EXERCISE DETAILS:
Using the listing below, report all lines holding the word "White".
-- SUPPLIED INFORMATION follows --
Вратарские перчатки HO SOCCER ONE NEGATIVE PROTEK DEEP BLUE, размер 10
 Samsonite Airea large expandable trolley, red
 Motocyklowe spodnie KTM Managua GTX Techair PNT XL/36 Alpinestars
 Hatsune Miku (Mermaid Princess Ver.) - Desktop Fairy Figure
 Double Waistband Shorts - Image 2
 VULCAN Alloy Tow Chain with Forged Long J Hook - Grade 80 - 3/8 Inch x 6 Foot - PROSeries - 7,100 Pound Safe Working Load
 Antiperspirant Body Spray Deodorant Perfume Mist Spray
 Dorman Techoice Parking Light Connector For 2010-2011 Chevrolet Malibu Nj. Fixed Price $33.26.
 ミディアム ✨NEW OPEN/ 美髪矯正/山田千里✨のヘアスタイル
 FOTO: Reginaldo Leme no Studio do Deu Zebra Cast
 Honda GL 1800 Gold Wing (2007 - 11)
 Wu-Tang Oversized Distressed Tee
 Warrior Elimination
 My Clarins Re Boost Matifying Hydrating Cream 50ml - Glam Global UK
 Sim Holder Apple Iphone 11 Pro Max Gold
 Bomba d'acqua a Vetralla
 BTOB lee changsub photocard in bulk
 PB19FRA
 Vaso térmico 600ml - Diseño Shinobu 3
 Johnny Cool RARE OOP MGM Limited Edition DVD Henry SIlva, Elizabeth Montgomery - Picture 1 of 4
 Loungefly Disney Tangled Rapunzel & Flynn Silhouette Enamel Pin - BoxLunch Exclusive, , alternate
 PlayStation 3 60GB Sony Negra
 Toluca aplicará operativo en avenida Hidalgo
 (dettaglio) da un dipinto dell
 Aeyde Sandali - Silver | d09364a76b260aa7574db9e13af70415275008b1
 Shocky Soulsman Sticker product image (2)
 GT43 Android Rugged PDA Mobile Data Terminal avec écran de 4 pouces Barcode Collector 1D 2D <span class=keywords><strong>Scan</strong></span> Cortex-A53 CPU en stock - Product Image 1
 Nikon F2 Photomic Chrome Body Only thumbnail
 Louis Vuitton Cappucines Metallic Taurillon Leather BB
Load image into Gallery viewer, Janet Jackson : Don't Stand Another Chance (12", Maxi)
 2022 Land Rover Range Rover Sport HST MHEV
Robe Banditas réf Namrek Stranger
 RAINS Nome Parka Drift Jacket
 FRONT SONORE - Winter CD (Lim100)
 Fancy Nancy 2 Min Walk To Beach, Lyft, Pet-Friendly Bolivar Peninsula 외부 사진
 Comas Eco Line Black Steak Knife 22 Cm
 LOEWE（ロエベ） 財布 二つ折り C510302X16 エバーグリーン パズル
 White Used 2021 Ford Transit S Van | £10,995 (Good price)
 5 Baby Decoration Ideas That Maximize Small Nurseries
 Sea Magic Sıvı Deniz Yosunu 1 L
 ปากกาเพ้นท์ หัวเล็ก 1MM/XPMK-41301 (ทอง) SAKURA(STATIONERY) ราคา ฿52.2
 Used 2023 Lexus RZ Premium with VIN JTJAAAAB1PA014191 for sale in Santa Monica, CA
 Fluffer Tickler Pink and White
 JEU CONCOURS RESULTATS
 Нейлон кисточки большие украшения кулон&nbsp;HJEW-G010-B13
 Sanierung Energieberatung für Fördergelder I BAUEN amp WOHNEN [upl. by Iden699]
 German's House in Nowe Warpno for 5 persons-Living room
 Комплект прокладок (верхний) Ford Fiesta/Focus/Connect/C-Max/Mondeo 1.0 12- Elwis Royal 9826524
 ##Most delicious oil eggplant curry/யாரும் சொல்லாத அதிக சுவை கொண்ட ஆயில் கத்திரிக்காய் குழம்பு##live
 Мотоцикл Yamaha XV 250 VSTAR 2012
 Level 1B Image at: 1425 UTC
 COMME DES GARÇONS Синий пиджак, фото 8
-- SUPPLIED INFORMATION concluded --
ANSWER FOR THE TASK:
 White Used 2021 Ford Transit S Van | £10,995 (Good price)
 Fluffer Tickler Pink and White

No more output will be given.